2 liga. Stali Stalowa Wola przegrała z KKS 1925 Kalisz. Padł tylko jeden gol, ale na wagę trzech punktów. Zobacz zdjęcia
W 24. kolejce piłkarskiej II ligi, w niedzielę 17 marca Stal Stalowa Wola przegrała na własnym terenie z ekipą KKS 1925 Kalisz, w meczu transmitowanym na antenie TVP Sport. Jedynego gola w tym spotkaniu już w 8 minucie zdobył Wiktor Smoliński.
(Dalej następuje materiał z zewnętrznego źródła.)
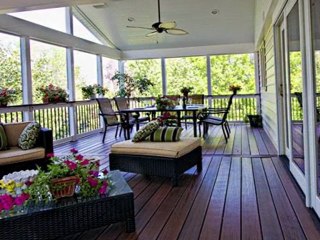 Screen Porch Construction in Potomac, Maryland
"Stalówka" przegrała z KKS 1925 Kalisz
[przycisk_galeria]
Stal Stalowa Wola - KKS Kalisz 0:1 (0:1)
Bramka: 0:1 Smoliński 8
Stal: Muzyk - Kowalski ż, Oko (85 Furtak), Urban, Zaucha, Soszyński, Sukiennicki (61 Pioterczak), Imiela (61 Wiktoruk), Górski (72 Strózik), Chełmecki (72 Ziarko), Klisiewicz.
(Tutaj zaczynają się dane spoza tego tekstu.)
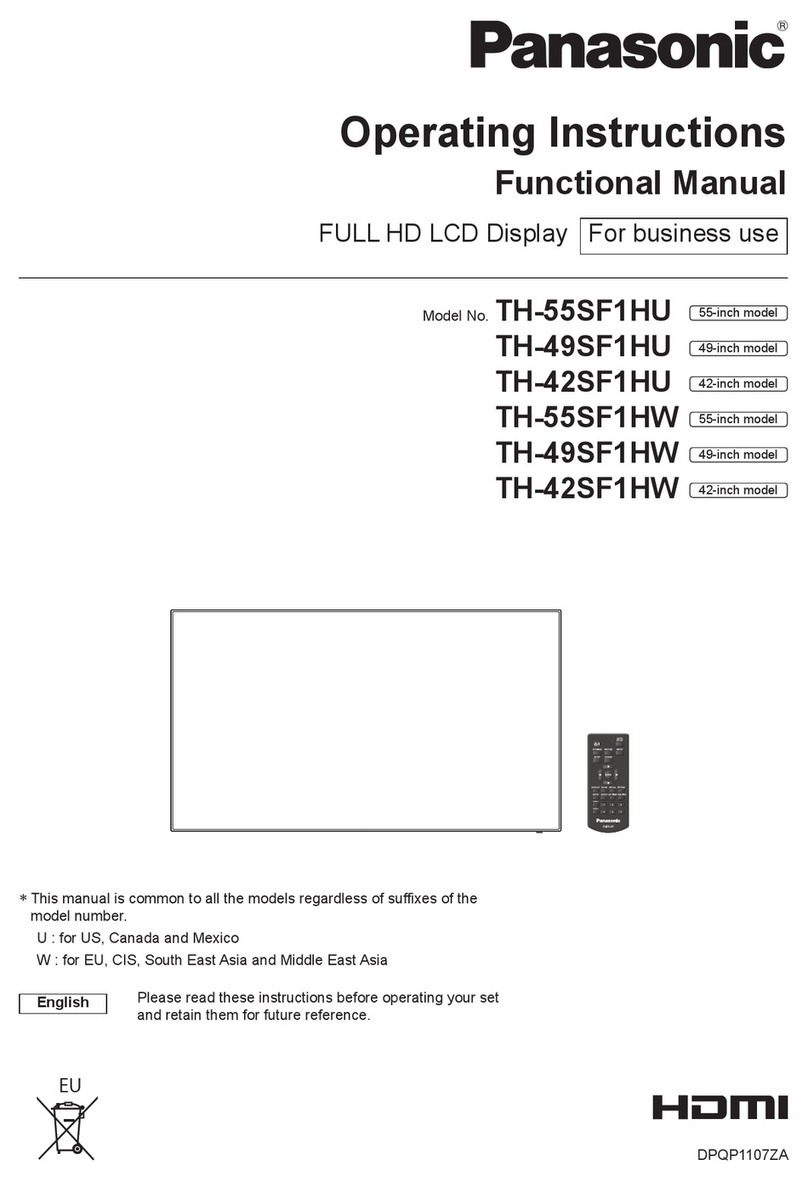Panasonic TH-55SF1HU User manual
KKS: Krakowiak - Staszak, Sobol (74 Szewczyk ż), Gordillo (74 Cierpka), Bednarski (90+1 Dębiński), Putno (70 Żebrowski), Białczyński, Wysokiński, Kieliba ż, Smoliński, Koczy (70 Kalenik).
Sędziował Paszkiewicz (Wrocław). Widzów 2000.
[przycisk_galeria]
Od pierwszych minut kibice zgromadzeni na stadionie w Stalowej Woli oglądali szybkie i ciekawe widowisko. W 8. minucie niepewnie po rzucie wolnym wykonywanym przez Huberta Sobola interweniował Wojciech Muzyk i po chwili goście mieli rzut rożny, po którym najprzytomniej zachował się Wiktor Smoliński i strzałem z kilku metrów trafił do siatki Stali. Chwilę później mogło być 1:1, lecz uderzenie Łukasza Soszyńskiego świetnie obronił Maciej Krakowiak.
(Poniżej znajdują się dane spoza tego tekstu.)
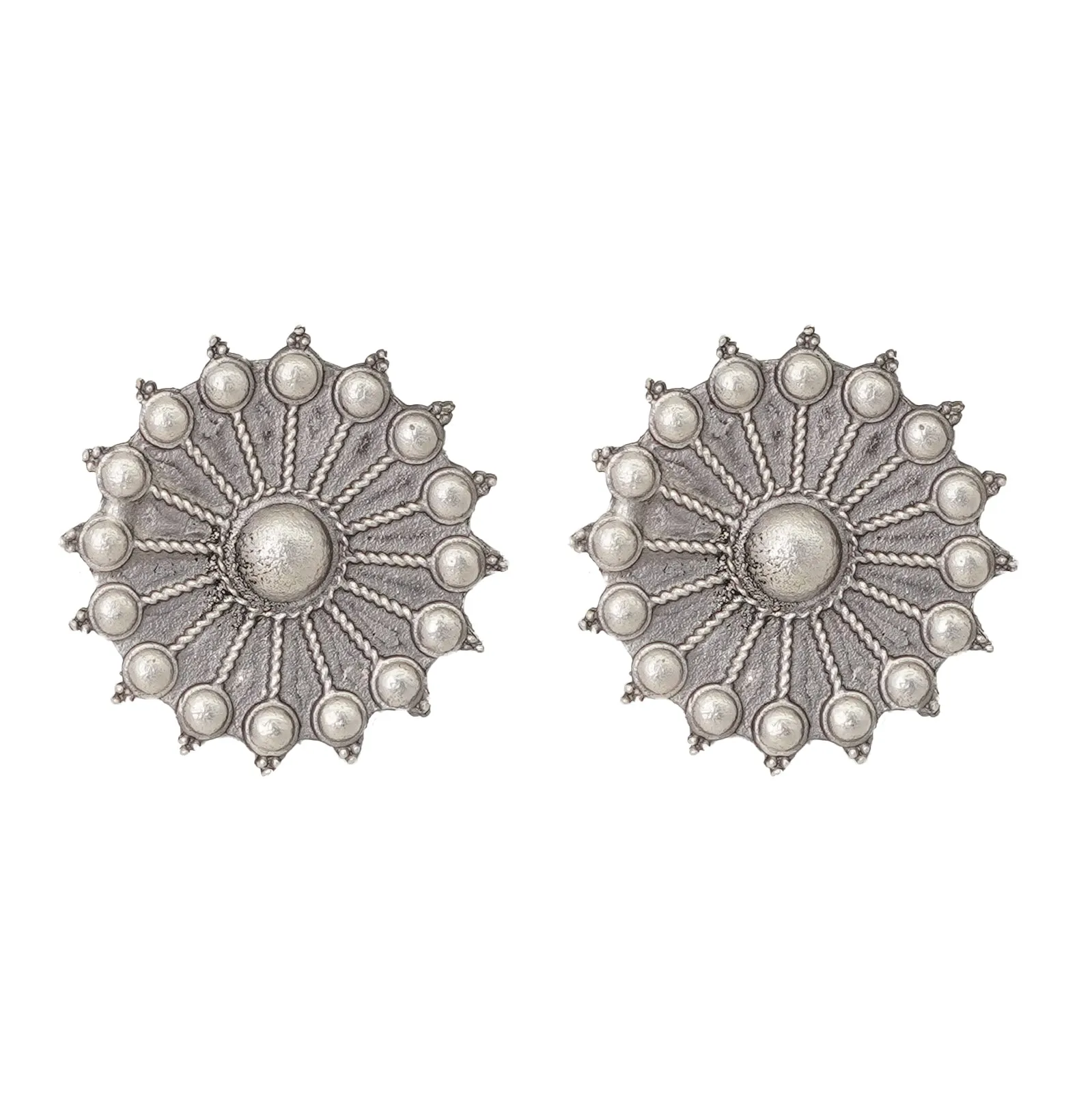 Teejh Shaaravi Silver Oxidised Earrings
W 13. minucie zapachniało drugim golem dla KKS, lecz Michał Bednarski trafił tylko w słupek. Stal była stroną dominującą, stwarzała sobie sytuacje, ale brakowało precyzji m.in. po uderzenie z dystansu Soszyńskiego. Goście do przerwy mieli jeszcze jedną dobrą okazję, lecz Sobol przestrzelił z pola karnego. Stal z kolei nadal naciskała, lecz Krakowiak świetnie obronił uderzenia Kacpra Chełmeckiego czy Lucjana Klisiewicza.
Po zmianie stron Stal nadal atakowała, lecz nie miała już tak klarownych okazji jak do przerwy. Chwilę po wznowieniu Krakowiak obronił strzał Klisiewicza. Goście skupili się bardziej na defensywie i rozbijaniu ataków zielono-czarnych. Stal nie potrafiła przebić się przez szczelną linię obronną gości z Kalisza, którzy nie bez przyczyny są najlepszą defensywą ligi. Zielono-czarni walczyli, lecz nie dali rady wywalczyć nawet jednego oczka.